Reproduce the top of the data verbatim, through and including the line that contains "Hard Baits For".
============
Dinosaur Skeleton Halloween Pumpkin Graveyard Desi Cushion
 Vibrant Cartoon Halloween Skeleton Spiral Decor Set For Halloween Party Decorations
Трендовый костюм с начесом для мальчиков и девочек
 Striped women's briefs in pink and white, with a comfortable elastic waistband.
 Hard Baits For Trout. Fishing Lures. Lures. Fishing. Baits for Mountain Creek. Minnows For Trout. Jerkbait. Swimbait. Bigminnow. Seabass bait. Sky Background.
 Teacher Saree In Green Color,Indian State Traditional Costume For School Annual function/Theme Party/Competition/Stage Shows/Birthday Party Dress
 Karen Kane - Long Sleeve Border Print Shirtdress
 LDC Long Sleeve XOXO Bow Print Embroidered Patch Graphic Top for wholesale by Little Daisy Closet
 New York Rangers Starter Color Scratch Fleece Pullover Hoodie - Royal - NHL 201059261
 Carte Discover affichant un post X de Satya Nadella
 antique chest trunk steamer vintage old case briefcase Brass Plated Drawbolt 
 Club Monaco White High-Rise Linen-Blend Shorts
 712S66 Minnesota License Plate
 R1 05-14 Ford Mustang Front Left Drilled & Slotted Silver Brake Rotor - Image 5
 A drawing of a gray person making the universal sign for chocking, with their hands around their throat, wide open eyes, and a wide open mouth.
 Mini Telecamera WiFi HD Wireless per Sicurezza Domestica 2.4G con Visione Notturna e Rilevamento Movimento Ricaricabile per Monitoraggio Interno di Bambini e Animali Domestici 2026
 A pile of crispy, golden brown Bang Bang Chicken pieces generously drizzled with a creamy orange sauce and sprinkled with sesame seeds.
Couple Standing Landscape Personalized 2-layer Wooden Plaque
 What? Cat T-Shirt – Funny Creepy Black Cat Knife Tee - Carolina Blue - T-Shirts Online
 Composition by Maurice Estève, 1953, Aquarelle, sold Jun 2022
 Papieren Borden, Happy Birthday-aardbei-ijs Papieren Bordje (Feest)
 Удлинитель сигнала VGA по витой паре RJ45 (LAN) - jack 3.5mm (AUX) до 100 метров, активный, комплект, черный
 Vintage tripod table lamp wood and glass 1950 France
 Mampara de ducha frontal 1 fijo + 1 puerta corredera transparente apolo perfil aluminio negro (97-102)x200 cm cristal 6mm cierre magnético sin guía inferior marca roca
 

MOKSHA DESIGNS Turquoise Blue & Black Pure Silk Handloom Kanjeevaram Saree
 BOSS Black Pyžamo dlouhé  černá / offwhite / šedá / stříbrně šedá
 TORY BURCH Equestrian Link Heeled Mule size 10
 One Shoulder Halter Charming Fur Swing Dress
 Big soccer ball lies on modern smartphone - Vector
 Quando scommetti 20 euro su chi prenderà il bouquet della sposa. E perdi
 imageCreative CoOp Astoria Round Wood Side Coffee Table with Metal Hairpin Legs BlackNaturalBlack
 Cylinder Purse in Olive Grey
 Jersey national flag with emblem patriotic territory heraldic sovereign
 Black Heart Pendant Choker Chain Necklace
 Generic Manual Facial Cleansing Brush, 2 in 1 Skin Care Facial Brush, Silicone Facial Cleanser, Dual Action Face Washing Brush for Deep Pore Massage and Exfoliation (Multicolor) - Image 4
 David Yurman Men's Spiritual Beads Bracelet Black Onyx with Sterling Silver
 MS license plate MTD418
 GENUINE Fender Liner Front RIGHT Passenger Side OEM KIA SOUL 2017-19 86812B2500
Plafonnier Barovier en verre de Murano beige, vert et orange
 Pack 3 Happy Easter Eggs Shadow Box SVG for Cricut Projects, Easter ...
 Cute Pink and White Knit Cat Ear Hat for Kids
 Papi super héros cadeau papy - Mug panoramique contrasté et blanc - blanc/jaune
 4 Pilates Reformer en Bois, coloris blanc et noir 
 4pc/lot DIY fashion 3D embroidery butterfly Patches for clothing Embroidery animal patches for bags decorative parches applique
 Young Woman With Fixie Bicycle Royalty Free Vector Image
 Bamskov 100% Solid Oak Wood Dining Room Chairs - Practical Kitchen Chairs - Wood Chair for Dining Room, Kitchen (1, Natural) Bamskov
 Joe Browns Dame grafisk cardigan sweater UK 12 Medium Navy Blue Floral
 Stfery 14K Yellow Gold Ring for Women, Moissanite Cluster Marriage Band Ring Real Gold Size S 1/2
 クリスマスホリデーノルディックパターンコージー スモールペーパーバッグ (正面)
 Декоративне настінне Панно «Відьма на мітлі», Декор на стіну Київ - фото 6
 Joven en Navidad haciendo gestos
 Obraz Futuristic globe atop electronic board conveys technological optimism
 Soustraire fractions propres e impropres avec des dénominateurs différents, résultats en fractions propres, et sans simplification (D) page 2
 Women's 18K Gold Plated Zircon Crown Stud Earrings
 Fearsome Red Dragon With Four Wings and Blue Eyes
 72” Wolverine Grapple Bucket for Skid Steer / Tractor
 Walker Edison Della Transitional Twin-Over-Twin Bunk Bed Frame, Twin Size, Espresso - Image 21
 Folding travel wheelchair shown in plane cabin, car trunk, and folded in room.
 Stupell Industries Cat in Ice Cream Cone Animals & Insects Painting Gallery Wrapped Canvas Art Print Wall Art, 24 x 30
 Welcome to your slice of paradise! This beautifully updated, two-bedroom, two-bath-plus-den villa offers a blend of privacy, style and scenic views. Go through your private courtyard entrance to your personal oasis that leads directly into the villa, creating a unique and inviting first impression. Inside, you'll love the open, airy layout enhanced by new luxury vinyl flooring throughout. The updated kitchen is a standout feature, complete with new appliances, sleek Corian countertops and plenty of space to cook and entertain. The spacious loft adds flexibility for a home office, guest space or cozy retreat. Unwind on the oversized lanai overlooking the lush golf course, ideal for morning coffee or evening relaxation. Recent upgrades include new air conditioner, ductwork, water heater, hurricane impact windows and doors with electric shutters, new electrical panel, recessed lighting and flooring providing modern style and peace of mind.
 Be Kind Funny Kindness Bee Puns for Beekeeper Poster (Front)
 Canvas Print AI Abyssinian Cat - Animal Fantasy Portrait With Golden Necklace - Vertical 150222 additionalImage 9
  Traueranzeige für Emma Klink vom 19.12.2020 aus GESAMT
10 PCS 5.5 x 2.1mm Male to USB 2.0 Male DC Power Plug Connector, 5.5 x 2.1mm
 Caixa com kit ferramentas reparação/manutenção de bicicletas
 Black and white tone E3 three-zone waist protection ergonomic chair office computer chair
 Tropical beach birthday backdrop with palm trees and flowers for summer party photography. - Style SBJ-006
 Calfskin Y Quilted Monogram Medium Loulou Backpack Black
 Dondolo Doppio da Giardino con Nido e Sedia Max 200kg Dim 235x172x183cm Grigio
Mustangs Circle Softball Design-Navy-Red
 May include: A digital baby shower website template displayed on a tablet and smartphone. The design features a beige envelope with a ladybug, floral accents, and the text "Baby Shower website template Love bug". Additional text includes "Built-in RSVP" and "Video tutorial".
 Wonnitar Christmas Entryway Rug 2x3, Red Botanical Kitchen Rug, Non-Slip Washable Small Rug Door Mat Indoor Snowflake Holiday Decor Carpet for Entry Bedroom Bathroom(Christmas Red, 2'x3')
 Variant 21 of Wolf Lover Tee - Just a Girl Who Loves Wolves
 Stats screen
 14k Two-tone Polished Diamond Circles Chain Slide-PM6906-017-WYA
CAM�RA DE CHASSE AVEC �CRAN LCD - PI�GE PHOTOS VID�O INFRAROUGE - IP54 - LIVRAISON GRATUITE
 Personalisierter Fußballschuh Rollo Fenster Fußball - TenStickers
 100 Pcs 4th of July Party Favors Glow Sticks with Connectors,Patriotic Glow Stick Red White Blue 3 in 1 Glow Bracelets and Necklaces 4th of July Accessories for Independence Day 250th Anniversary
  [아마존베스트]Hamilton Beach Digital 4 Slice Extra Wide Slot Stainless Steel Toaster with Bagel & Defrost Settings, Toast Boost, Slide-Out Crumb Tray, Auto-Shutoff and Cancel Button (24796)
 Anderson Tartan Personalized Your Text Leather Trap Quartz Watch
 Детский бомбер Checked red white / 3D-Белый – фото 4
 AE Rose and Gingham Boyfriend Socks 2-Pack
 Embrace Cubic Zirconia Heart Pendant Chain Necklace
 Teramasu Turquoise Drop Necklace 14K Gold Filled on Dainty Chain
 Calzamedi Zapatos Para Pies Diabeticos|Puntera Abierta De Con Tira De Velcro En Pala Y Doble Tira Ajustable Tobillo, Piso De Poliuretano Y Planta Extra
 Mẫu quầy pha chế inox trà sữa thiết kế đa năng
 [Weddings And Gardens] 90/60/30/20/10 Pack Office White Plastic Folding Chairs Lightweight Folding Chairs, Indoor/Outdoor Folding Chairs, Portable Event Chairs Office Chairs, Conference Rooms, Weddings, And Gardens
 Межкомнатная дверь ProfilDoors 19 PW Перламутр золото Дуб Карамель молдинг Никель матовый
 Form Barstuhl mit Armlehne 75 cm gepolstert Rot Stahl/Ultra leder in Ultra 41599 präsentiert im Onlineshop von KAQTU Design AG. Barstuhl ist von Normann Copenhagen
============
#### OUTPUT FOR THIS EXERCISE:
Dinosaur Skeleton Halloween Pumpkin Graveyard Desi Cushion
 Vibrant Cartoon Halloween Skeleton Spiral Decor Set For Halloween Party Decorations
Трендовый костюм с начесом для мальчиков и девочек
 Striped women's briefs in pink and white, with a comfortable elastic waistband.
 Hard Baits For Trout. Fishing Lures. Lures. Fishing. Baits for Mountain Creek. Minnows For Trout. Jerkbait. Swimbait. Bigminnow. Seabass bait. Sky Background.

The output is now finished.